## WORK REQUIRED
Give the listing below again exactly, but without any of its pictures.

────────

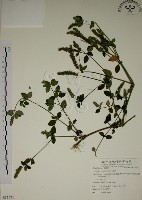 藏品(爵床)的圖片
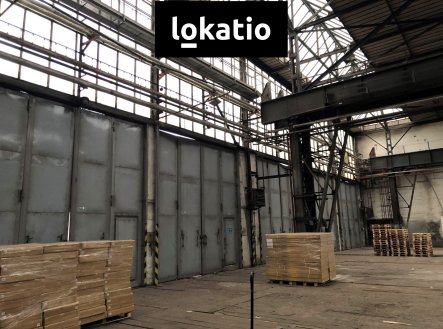 Pronájem komerčního objektu, výroba, 5 500 m²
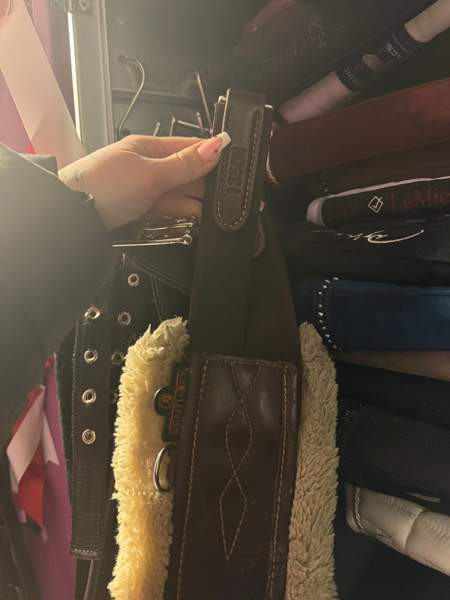 Kentucky karvapanssari Tampere - valokuva 3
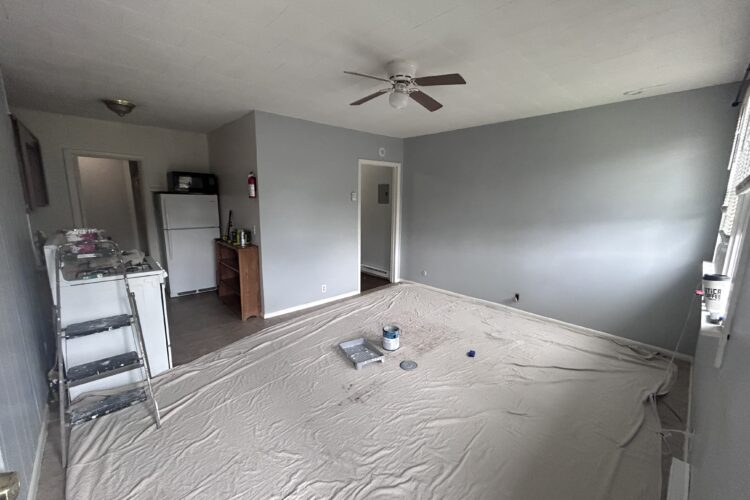 Why Professional Painting Revitalizes Your Living Space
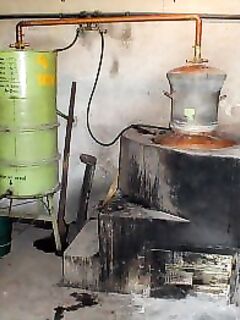 Ракии Болгарии: гроздова и плодова, смокинова и «гюлова» — заметки к рыбацкому застолью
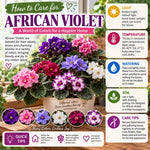 Red African Violet Plant Live, Red Violet Flower, 3-5 Inches Tall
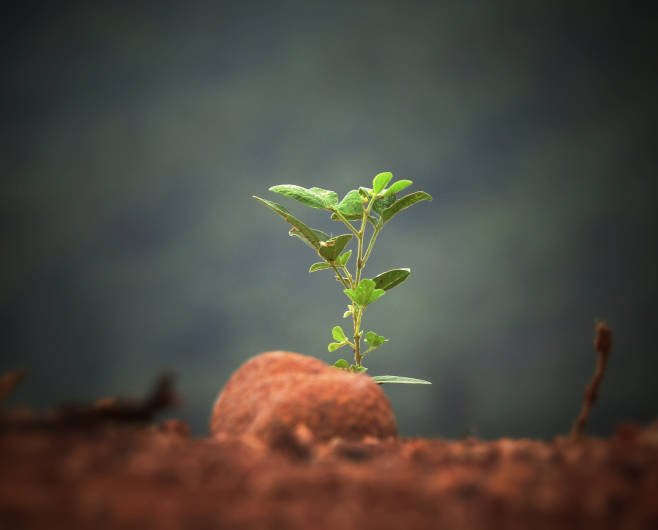 Green plant sprouting from the ground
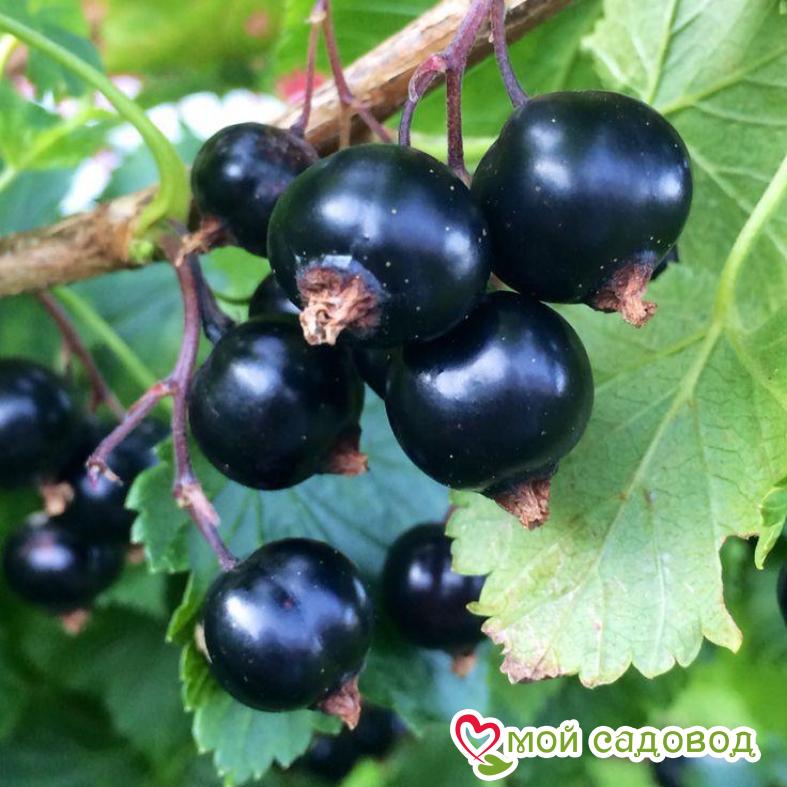 Черная смородина Партизанка Брянска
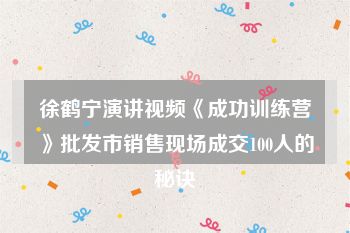 徐鹤宁演讲视频《成功训练营》批发市销售现场成交100人的秘诀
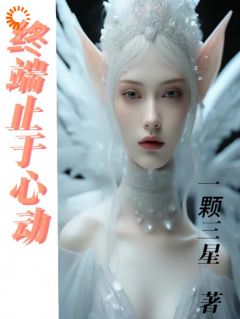 快手终端止于心动小说全本章节大结局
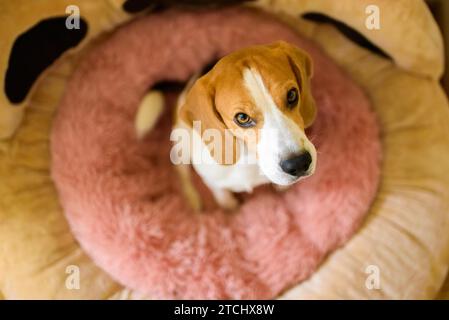 Chien assis dans un lit de chien rose regardant l'appareil photo. Concept Beagle. Arrière-plan canin Banque D'Images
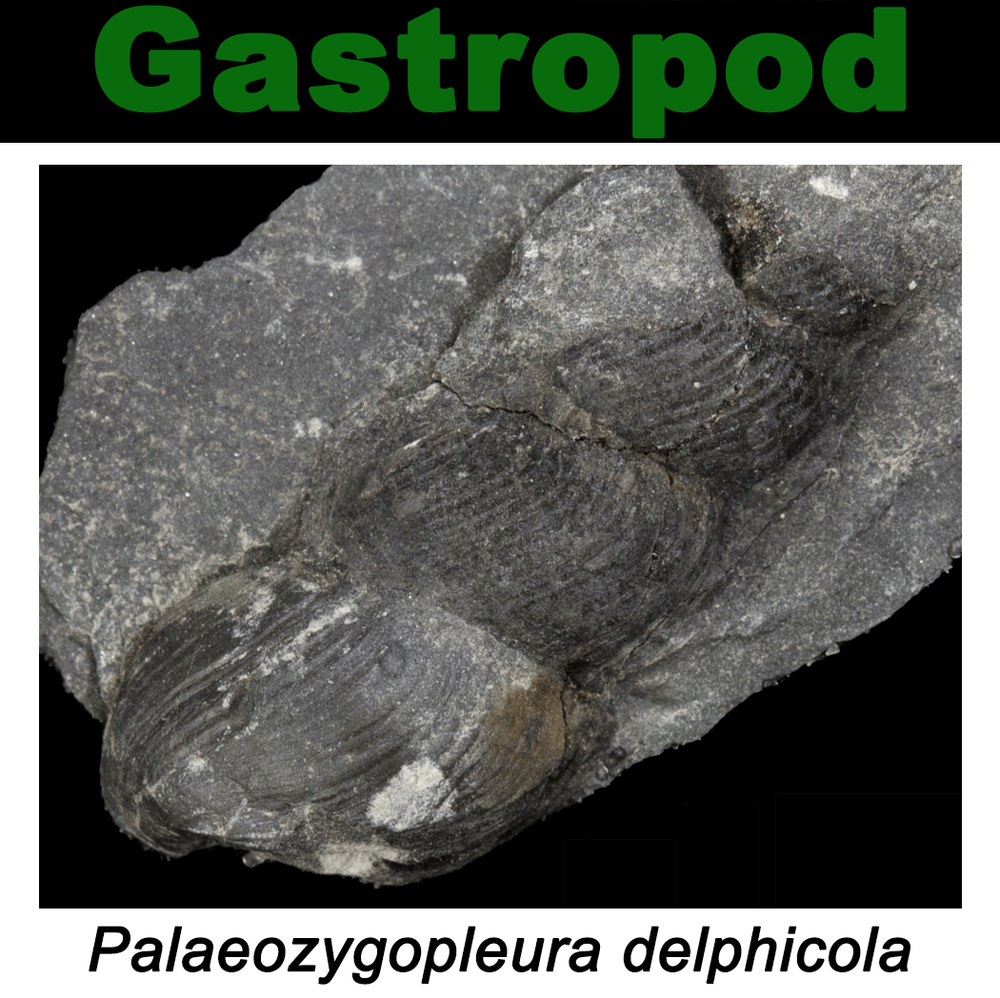 FossilCard20A-Palaeozygopleura_delphicola-PRI104002.png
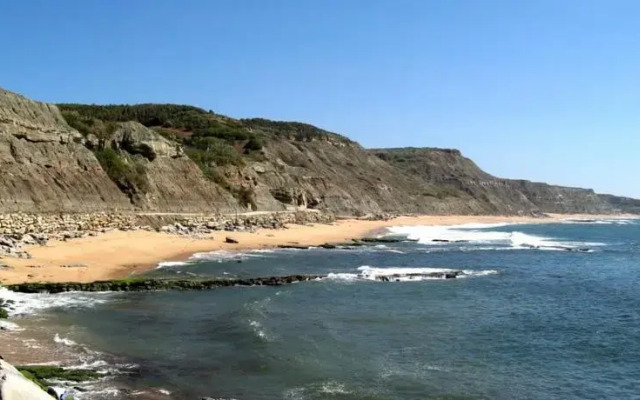 Coral Vacation Rentals (AL)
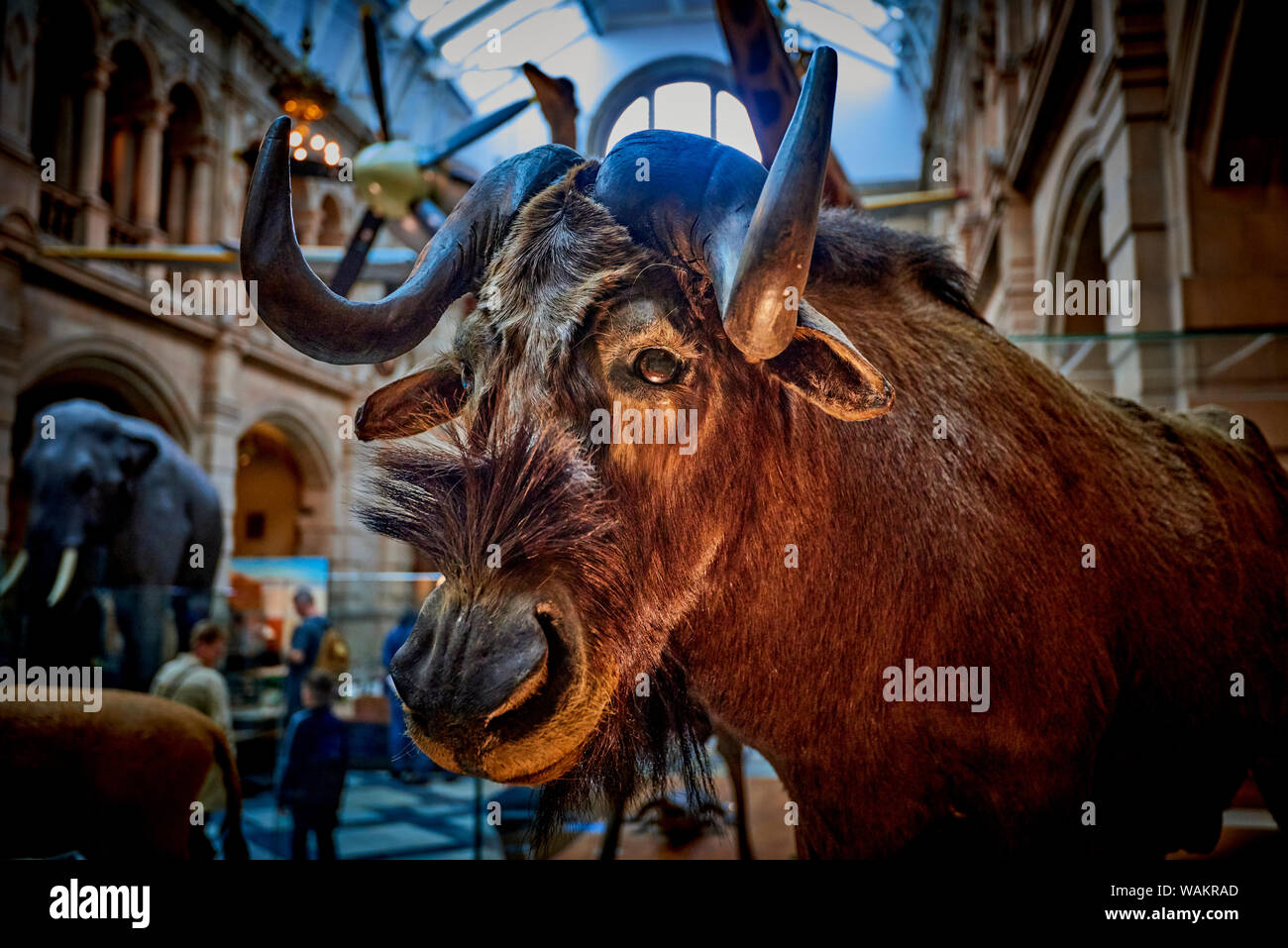 Kelvingrove (GLAS1) Stock Photo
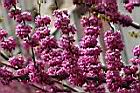紫荊-花07.JPG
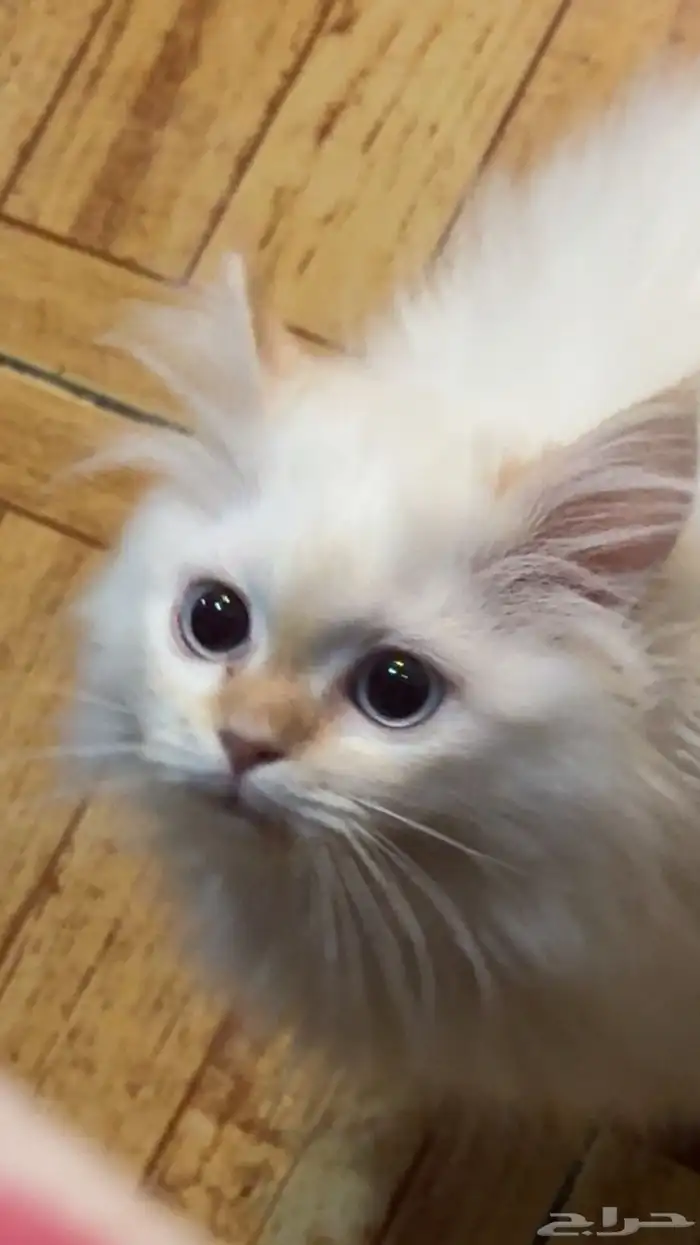 قط للتبني 0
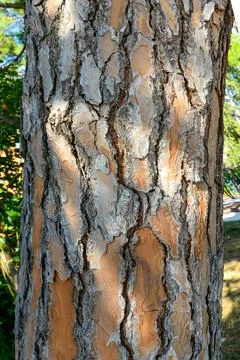 Texture of a pine tree trunk. Abstract pattern. Tree bark. Stock Photos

────────

## TASK OUTPUT
 藏品(爵床)的圖片
 Pronájem komerčního objektu, výroba, 5 500 m²
 Kentucky karvapanssari Tampere - valokuva 3
 Why Professional Painting Revitalizes Your Living Space
 Ракии Болгарии: гроздова и плодова, смокинова и «гюлова» — заметки к рыбацкому застолью
 Red African Violet Plant Live, Red Violet Flower, 3-5 Inches Tall
 Green plant sprouting from the ground
 Черная смородина Партизанка Брянска
 徐鹤宁演讲视频《成功训练营》批发市销售现场成交100人的秘诀
 快手终端止于心动小说全本章节大结局
 Chien assis dans un lit de chien rose regardant l'appareil photo. Concept Beagle. Arrière-plan canin Banque D'Images
 FossilCard20A-Palaeozygopleura_delphicola-PRI104002.png
 Coral Vacation Rentals (AL)
 Kelvingrove (GLAS1) Stock Photo
紫荊-花07.JPG
 قط للتبني 0
 Texture of a pine tree trunk. Abstract pattern. Tree bark. Stock Photos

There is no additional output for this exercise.